By similar triangle:
[math]\sin \theta = \dfrac{a}{h - a} = \dfrac{r}{\sqrt{h^2 + r^2}}[/math]

[math]a\sqrt{h^2 + r^2} = r(h - a)[/math]
[math]a^2 (h^2 + r^2) = r^2 (h – a)^2[/math]
[math]a^2 h^2 + a^2 r^2 = h^2 r^2 – 2ahr^2 + a^2 r^2[/math]
[math]a^2 h^2 = (h – 2a)hr^2[/math]

[math]r^2 = \dfrac{a^2 h}{h - 2a}[/math]

Thus,
[math]V = \dfrac{\pi}{3} \left( \dfrac{a^2 h}{h - 2a} \right)h[/math]

[math]V = \dfrac{\pi a^2}{3} \left( \dfrac{h^2}{h - 2a} \right)[/math]

[math]\dfrac{dV}{dh} = \dfrac{\pi a^2}{3} \left[ \dfrac{(h - 2a)(2h) - h^2 (1)}{(h - 2a)^2} \right] = 0[/math]

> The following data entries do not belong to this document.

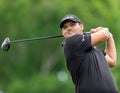 Patrick Reed at the 2021 Wells Fargo Championship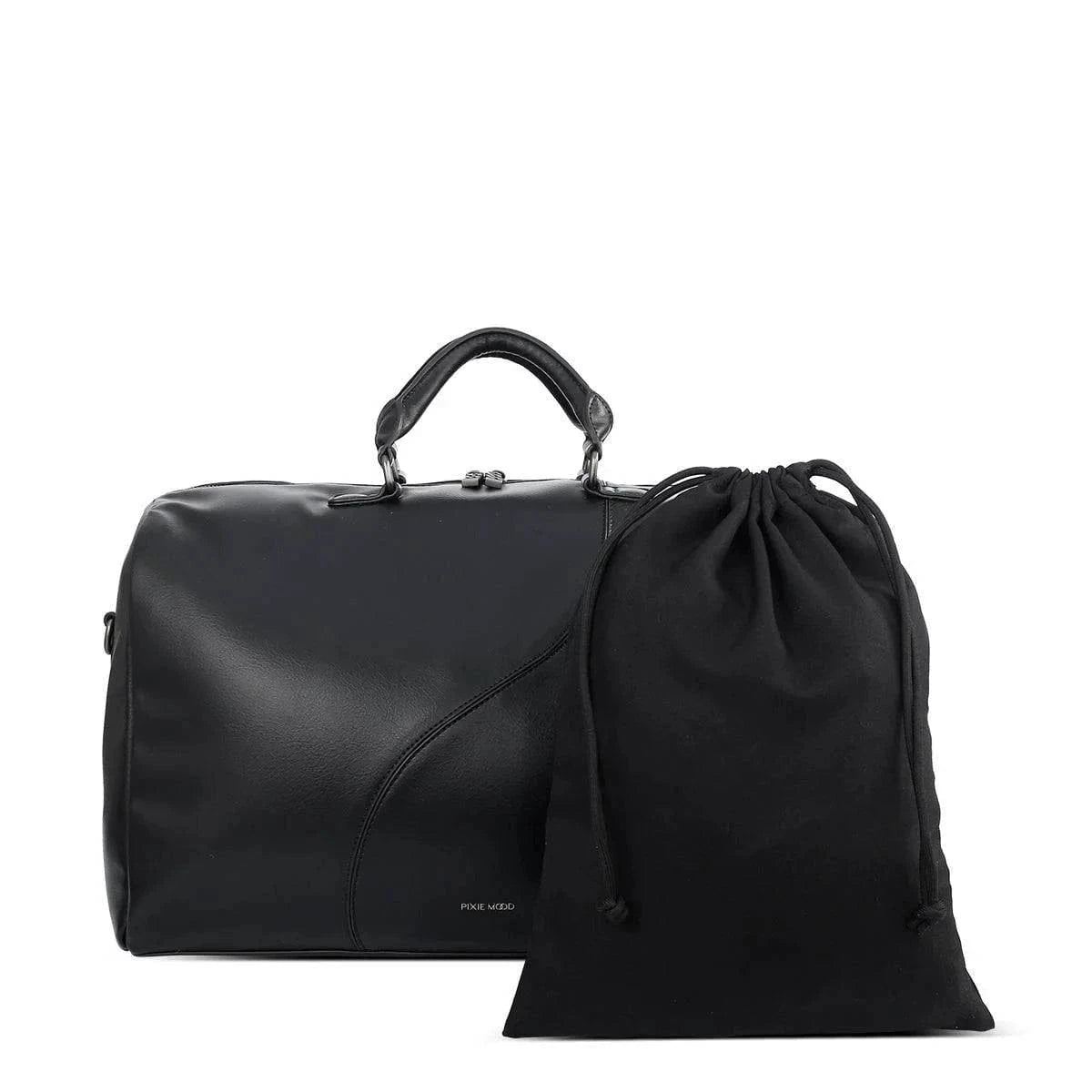 Pixie Mood Bags Juliet Weekender by Pixie Mood available at Lemonberry Boutique Aurora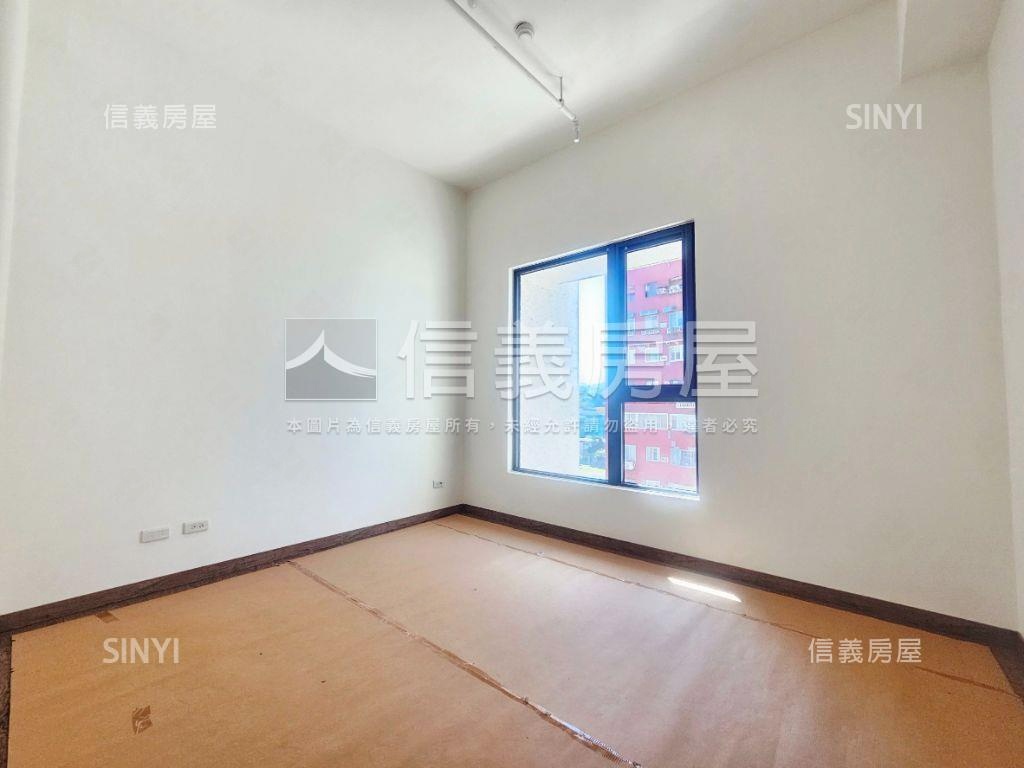 華固大安學府新屋三房房屋室內格局與周邊環境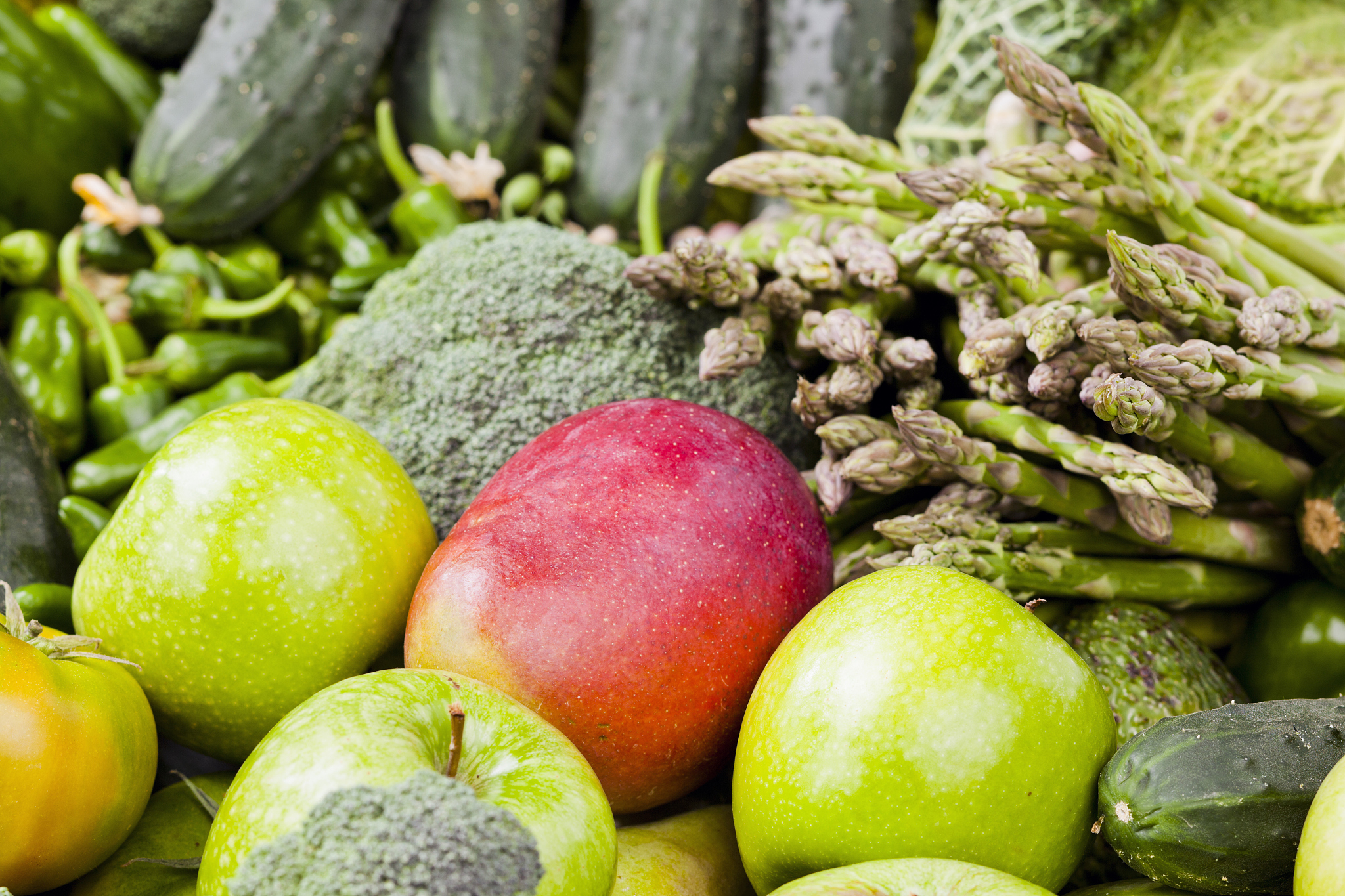 果蔬贮运非侵染病害病因解析：影响品质的五大因素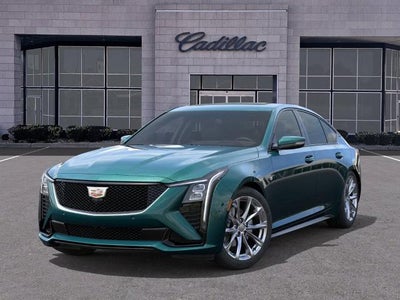 2026 Cadillac CT5 Sport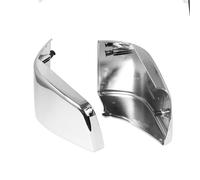 Lateral Batería Motocicleta Panel Motocicletas Car Compatible con Honda Shadow ACE VT400 VT750 VT 400 750 1997-2003 1998 1999 2000. Tapas de carenado lateral de batería de motocicleta.(Silver)
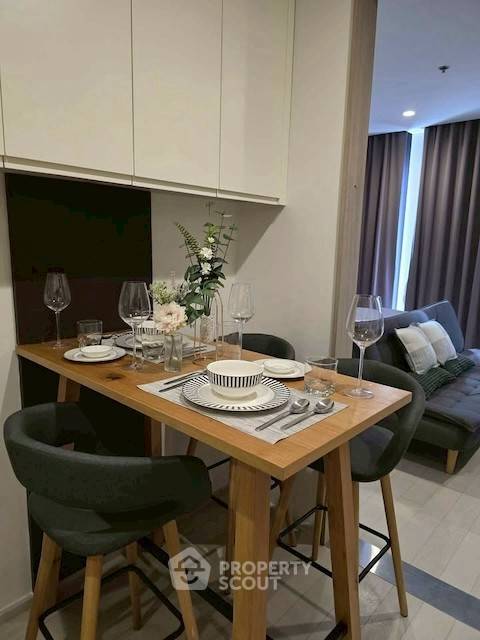 รูป คอนโด 1-ห้องนอน ที่ โนเบิล เพลินจิต ใกล้ BTS เพลินจิต (ID 2432655) - รูปที่ 8/20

[math]2(h – 2a)h - h^2 = 0[/math]
[math]2h – 4a - h = 0[/math]
[math]h = 4a[/math]

altitude of the cone = 4 × the radius of the sphere, a            answer

Another Solution:
For a circle inscribed in a triangle, its center is at the point of intersection of the angular bisector of the triangle called the incenter (see figure).

For the problem:
[math]V = \frac{1}{3}\pi r^2 h[/math]

From the figure:
[math]\tan \theta = a/r[/math]

[math]\tan 2\theta = h/r[/math]

[math]\dfrac{2\tan \theta}{1 - \tan^2 \theta} = \dfrac{h}{r}[/math]

[math]\dfrac{2(a/r)}{1 - a^2/r^2} = \dfrac{h}{r}[/math]

[math]\dfrac{2a)}{\dfrac{r^2 - a^2}{r^2}} = h[/math]

[math]h = \dfrac{2ar^2)}{r^2 - a^2}[/math]

Thus,
[math]V = \frac{1}{3}\pi r^2 \left( \dfrac{2ar^2)}{r^2 - a^2} \right)[/math]

[math]V = \frac{2}{3}a \pi \left( \dfrac{r^4)}{r^2 - a^2} \right)[/math]

[math]\dfrac{dV}{dr} = \frac{2}{3}a \pi \left[ \dfrac{(r^2 - a^2)(4r^3) - r^4(2r)}{(r^2 - a^2)^2} \right] = 0[/math]

[math]4r^3(r^2 – a^2) – 2r^5 = 0[/math]
[math]2(r^2 – a^2) – r^2 = 0[/math]
[math]2r^2 – 2a^2 - r^2 = 0[/math]
[math]r^2 = 2a^2[/math]

[math]h = \dfrac{2ar^2}{r^2 - a^2}[/math]

[math]h = \dfrac{2a(2a^2)}{2a^2 - a^2}[/math]

[math]h = \dfrac{4a^3}{a^2}[/math]

[math]h = 4a \,\, [/math]            (ok!)